Activity: Quote the whole listing exactly. Leave the pictures out of your copy.

Data extract:
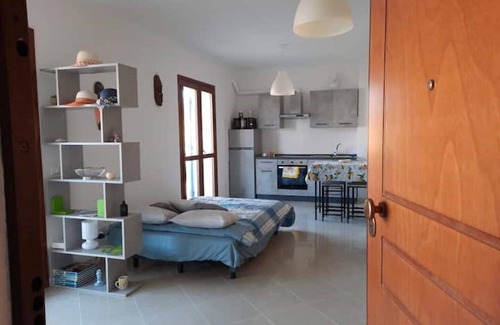 Albiano Magra Apartment | The blue shutters east 045001LTN0039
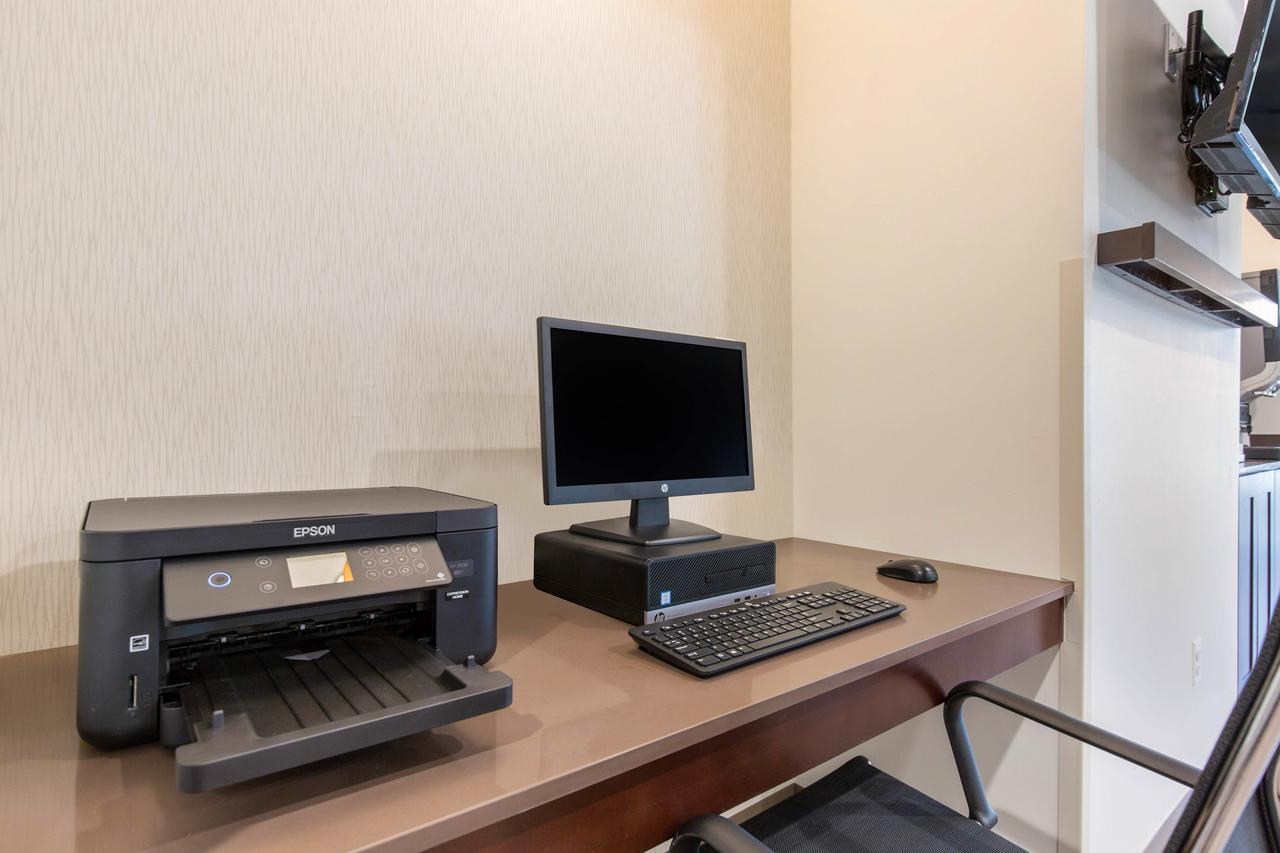 Sleep Inn & Suites South Jacksonville Zewnętrze zdjęcie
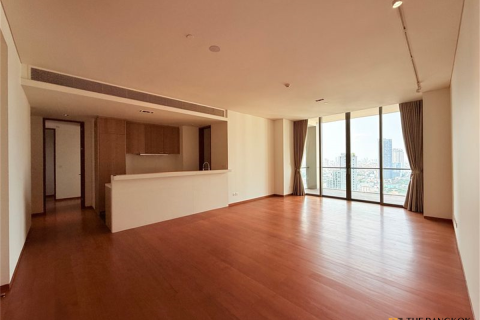 Condominio de 2 dormitorios en Bangkok, Tailandia № 201920 - foto 9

Final answer:
 Albiano Magra Apartment | The blue shutters east 045001LTN0039
 Sleep Inn & Suites South Jacksonville Zewnętrze zdjęcie
 Condominio de 2 dormitorios en Bangkok, Tailandia № 201920 - foto 9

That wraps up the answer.